原题

请找出有向图中弱联通分量的数目。图中的每个节点包含其邻居的 1 个标签和1 个列表。 （一个有向图中的相连节点指的是一个包含 2 个通过直接边沿路径相连的顶点的子图。）

样例
给定图:

A----->B  C
 \     |  | 
  \    |  |
   \   |  |
    \  v  v
     ->D  E <- F

返回 {A,B,D}, {C,E,F}. 图中有 2 个相连要素，即{A,B,D} 和 {C,E,F} 。

解题思路

• 首先了解有向图中的一个概念
• 弱连通块 - 有向图中，A能到B，B不能到A
• 强连通块 - 有向图中，A能到B，B也能到A
• 本题是使用Union Find的典型题，Union Find(并查集)主要提供以下操作：
• Find - 判断在不在同一个集合中，边查找边路径压缩，均摊时间复杂度O(1)。
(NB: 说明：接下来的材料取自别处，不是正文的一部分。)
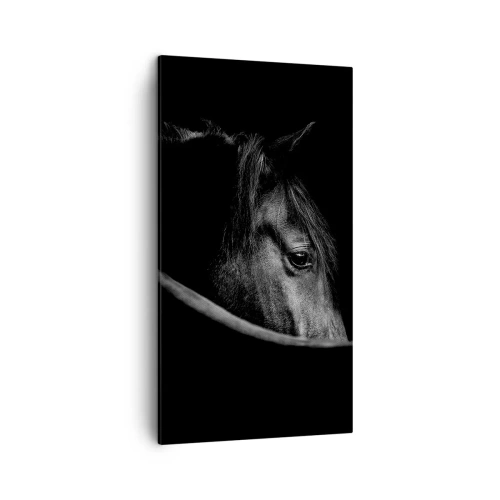 Impression sur toile - Image sur toile - Prince Noir - 45x80 cm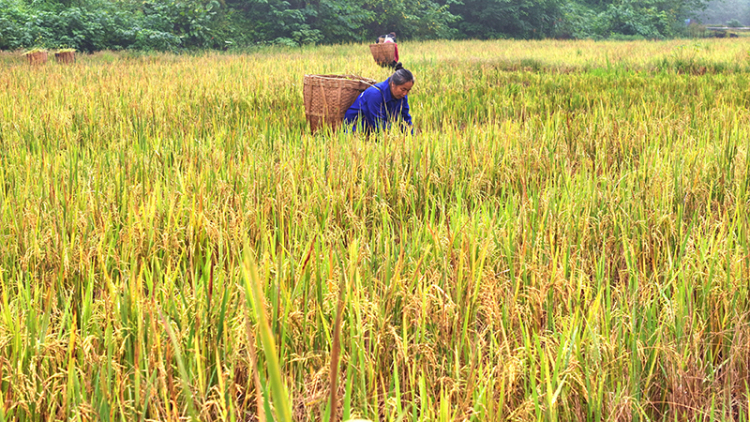 眉山仁寿：再生稻 迎丰收_fororder_2025年10月26日，在四川省眉山市仁寿县慈航镇观音社区，村民在收获再生稻。08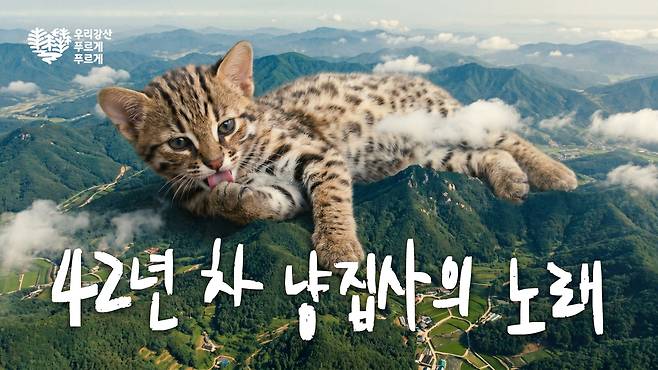 '우리강산 푸르게 푸르게' 삵 편 섬네일 [유한킴벌리 제공. 재판매 및 DB 금지]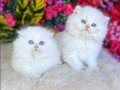 Gümüş tonlu 2 Aylık British Shorthair Yavrular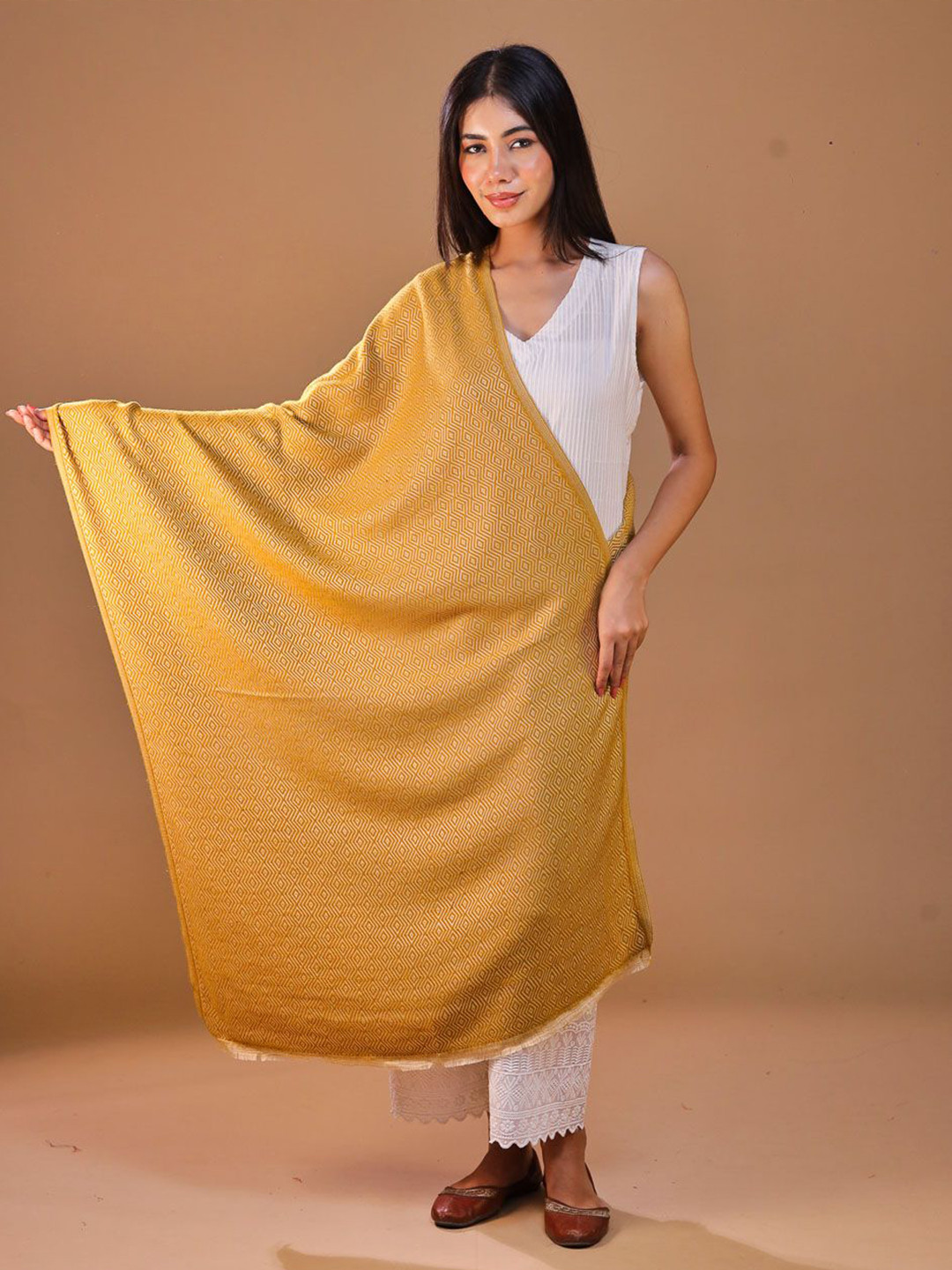 SWI Stylish Women Woven Design Fringed Ombre Stole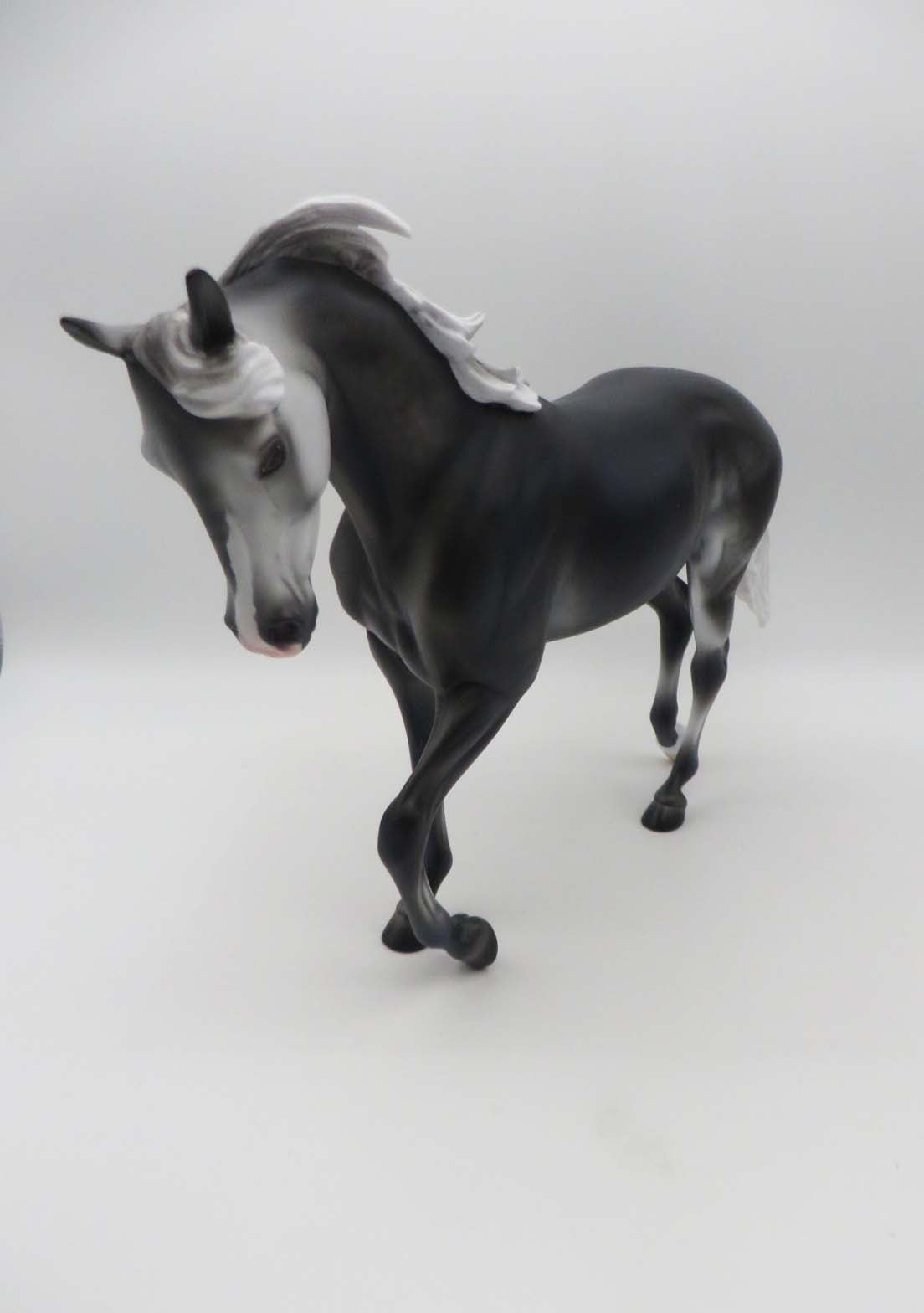 A Thundering Young Black Going Grey Thoroughbred By Ashley Palmer SHCF23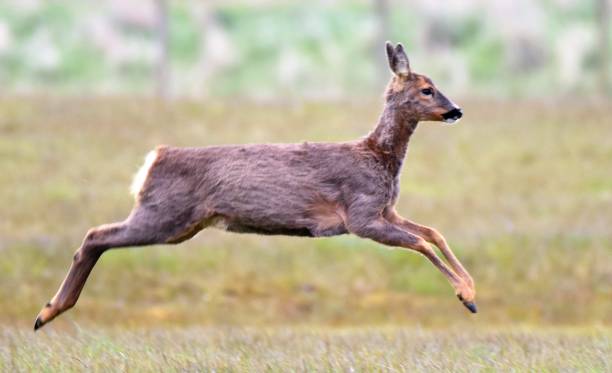 istock Roe deer running at Spurn Head 2, Humberside, England. 1163759986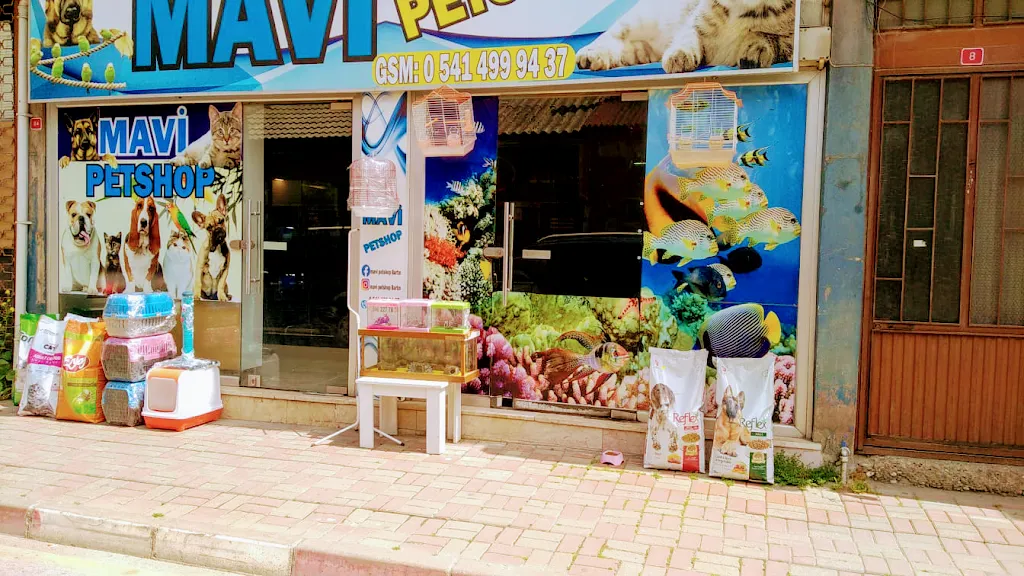 Mavi petshop bartın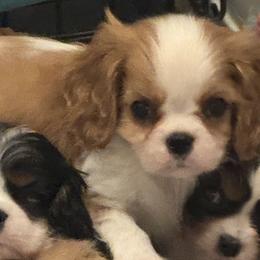 Blenheim boy 3 - Blenheim male Cavalier King Charles Spaniel puppy in Grand Prairie, Texas from Westchester Cavaliers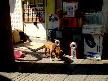 Elektronik Hayranı Köpek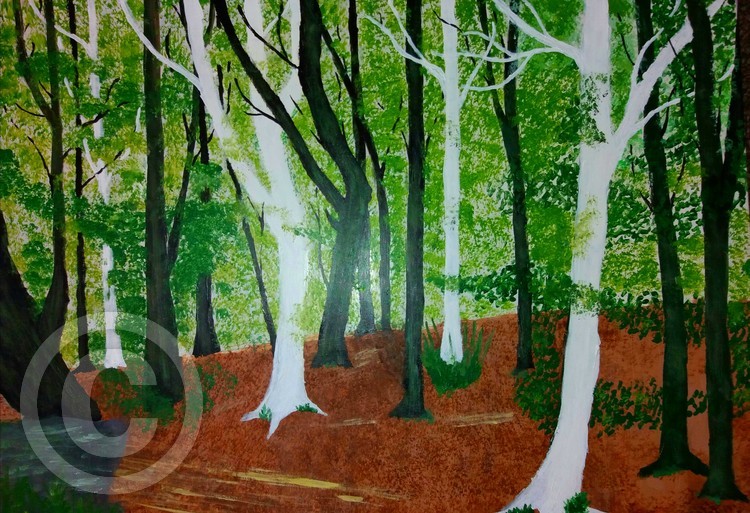 Forest of Angels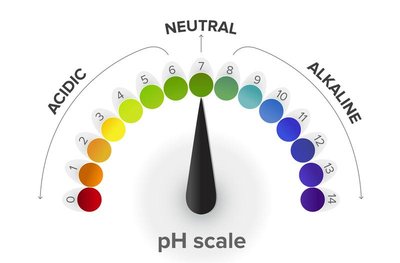 pH scale showing acidic, neutral, and alkaline regions
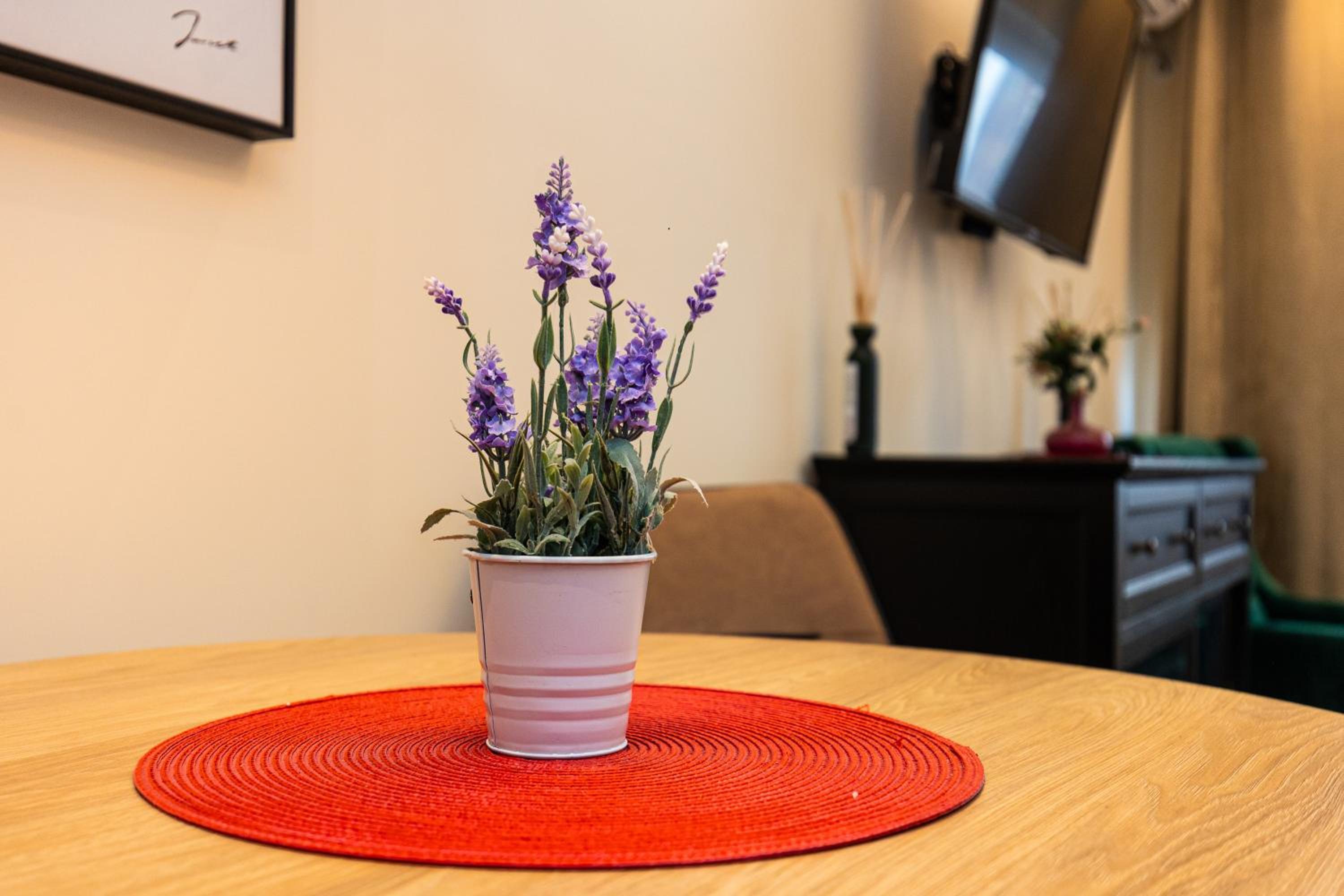 Apartment Mignon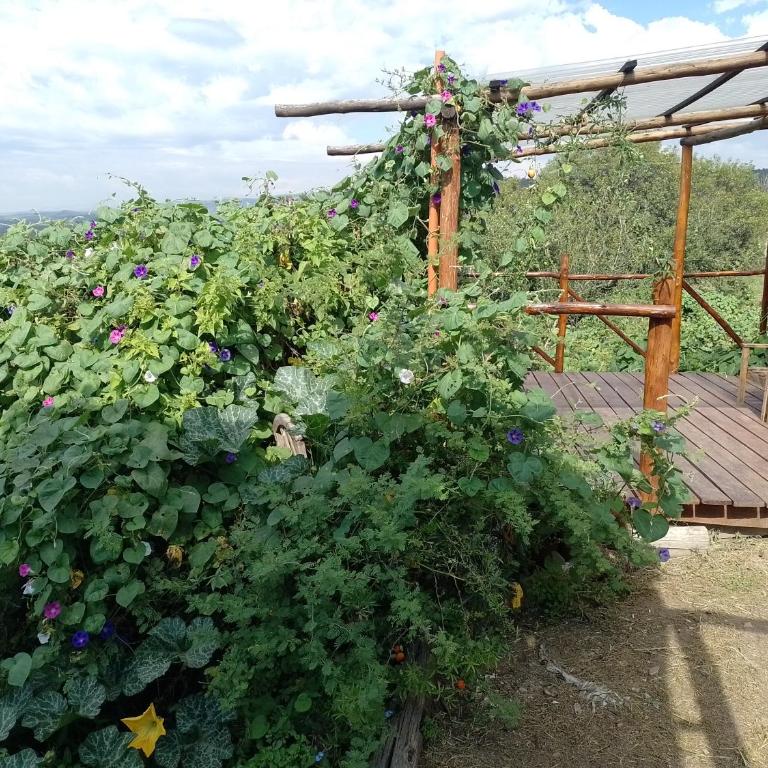 Casa Sierras Tanti Cabalango Carlos Paz - Casa de 2 dormitorios - 17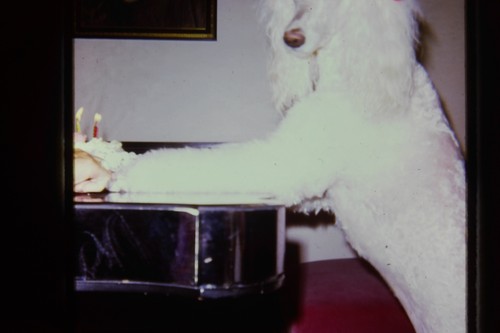 1960s white standard poodle - 1960s,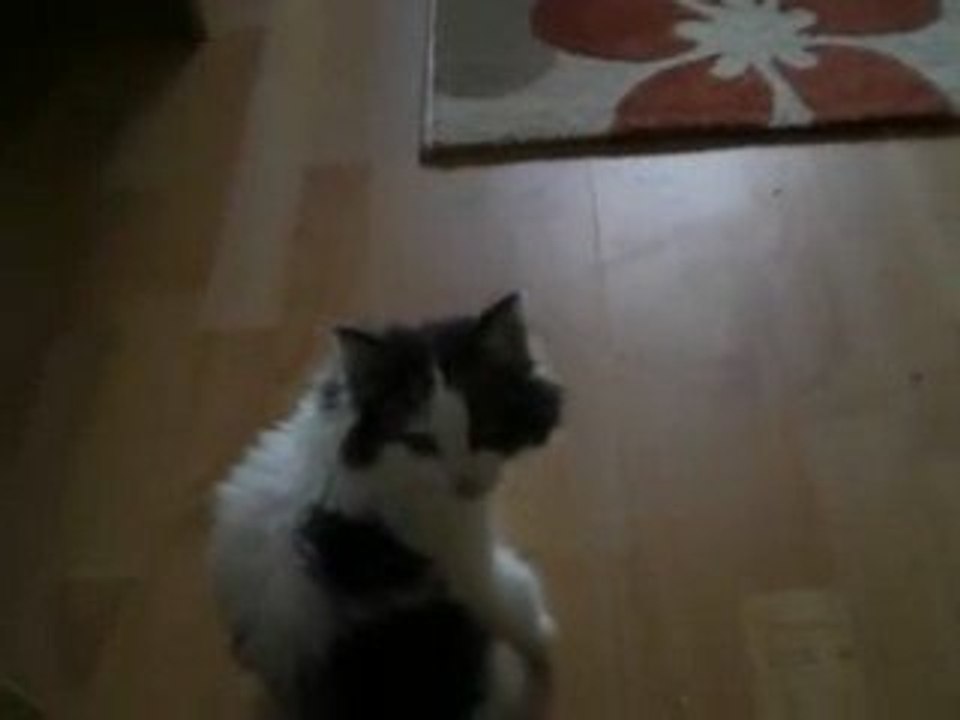 Chaton & Tapis Trampoline ;o)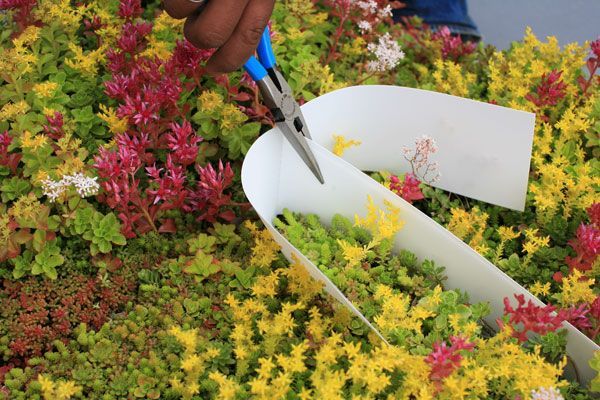 Person trimming colorful ground cover plants with scissors and a white scoop.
def compressed_find(self, x):
        parent = father[x]
        while parent != father[parent]:
            parent = father[parent]

        temp = -1;
        fa = father[x]
        while fa != father[fa]:
            temp = father[fa]
            father[fa] = parent
            fa = temp

        return parent

• Union - 合并两个集合，时间复杂度O(1)
• 遍历所有nodes建立hashset，初始化Union Find
• 遍历第二遍，合并每个node和他们neighbors的father

完整代码

# Definition for a directed graph node
# class DirectedGraphNode:
#     def __init__(self, x):
#         self.label = x
#         self.neighbors = []
class UnionFind:
    def __init__(self, hashset):
        self.father = {}
        for item in hashset:
            self.father[item] = item

    def find(self, x):
        parent = self.father[x]
        while parent != self.father[parent]:
            parent = self.father[parent]
        return parent
        
    def compressed_find(self, x):
        parent = self.father[x]
        while parent != self.father[parent]:
            parent = self.father[parent]

        temp = -1;
        fa = self.father[x]
        while fa != self.father[fa]:
            temp = self.father[fa]
            self.father[fa] = parent
            fa = temp

        return parent

    def union(self, x, y):
            fa_x = self.find(x)
            fa_y = self.find(y)
            if fa_x != fa_y:
                self.father[fa_x] = fa_y

class Solution:
    # @param {DirectedGraphNode[]} nodes a array of directed graph node
    # @return {int[][]} a connected set of a directed graph
    def connectedSet2(self, nodes):
        # Find all the different nodes in the Graph, store in the hashSet
        myHashSet = set()
        for node in nodes:
            myHashSet.add(node.label)
            for neighbor in node.neighbors:
                myHashSet.add(neighbor.label)
                
        # right now, one node's father is itself
        unionFind = UnionFind(myHashSet)
        
        for node in nodes:
            node_father = unionFind.compressed_find(node.label)
            for neighbor in node.neighbors:
                neighbor_father = unionFind.compressed_find(neighbor.label)
                if node_father != neighbor_father:
                    unionFind.union(neighbor.label, node.label)
        
        # group the node with same father
        resMap = {}
        for node in nodes:
            father = unionFind.compressed_find(node.label)
            if father not in resMap:
                resMap[father] = [node.label]
            else:
                if node.label not in resMap[father]:
                    resMap[father].append(node.label)
        
        # append each group into the result            
        result = []
        for key, value in resMap.iteritems():
            result.append(value)
            
        return result